Raw data:
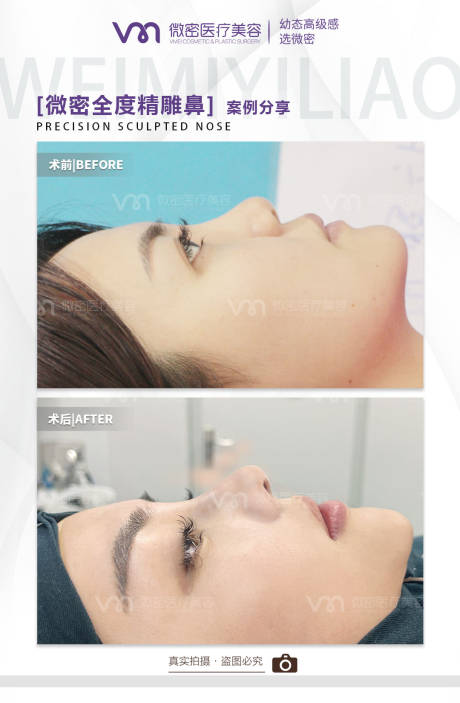 源文件下载【医美案例】编号：67860017512855563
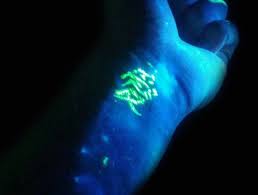 While mris can cause tattoo irritation, this happens only in rare cases. How Long Do Glow In The Dark Tattoos Last Uv Blacklight Body Art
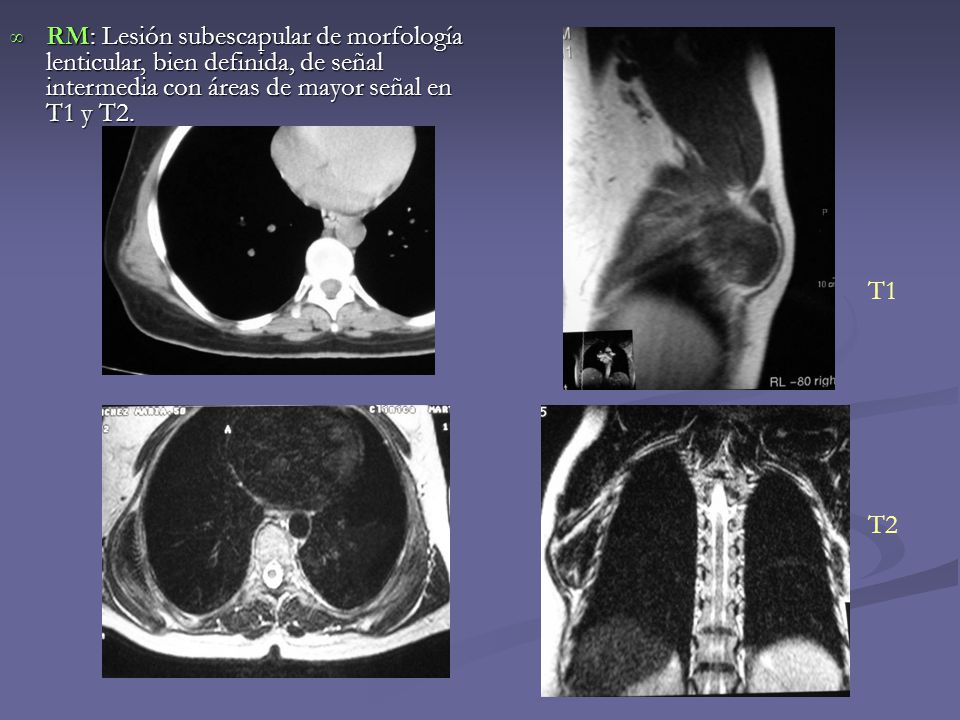 RM: Lesión subescapular de morfología lenticular, bien definida, de señal intermedia con áreas de mayor señal en T1 y T2.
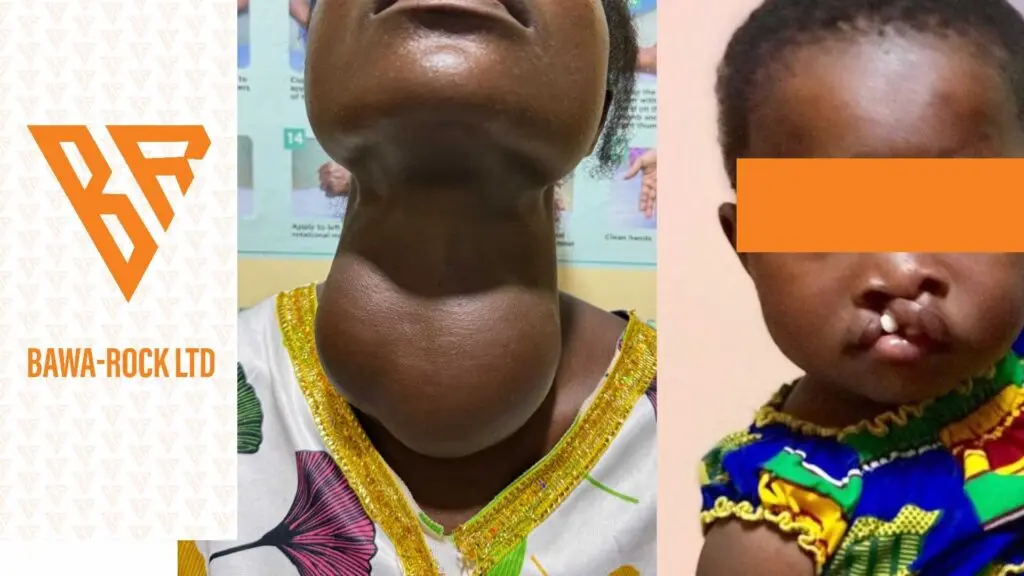 Bawa-Rock Ltd funds GH¢400,000 free surgeries for 102 vulnerable patients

Prompt:
Line by line, return the listing above exactly, leaving out its pictures.

Answer below:
 源文件下载【医美案例】编号：67860017512855563
 While mris can cause tattoo irritation, this happens only in rare cases. How Long Do Glow In The Dark Tattoos Last Uv Blacklight Body Art
 RM: Lesión subescapular de morfología lenticular, bien definida, de señal intermedia con áreas de mayor señal en T1 y T2.
 Bawa-Rock Ltd funds GH¢400,000 free surgeries for 102 vulnerable patients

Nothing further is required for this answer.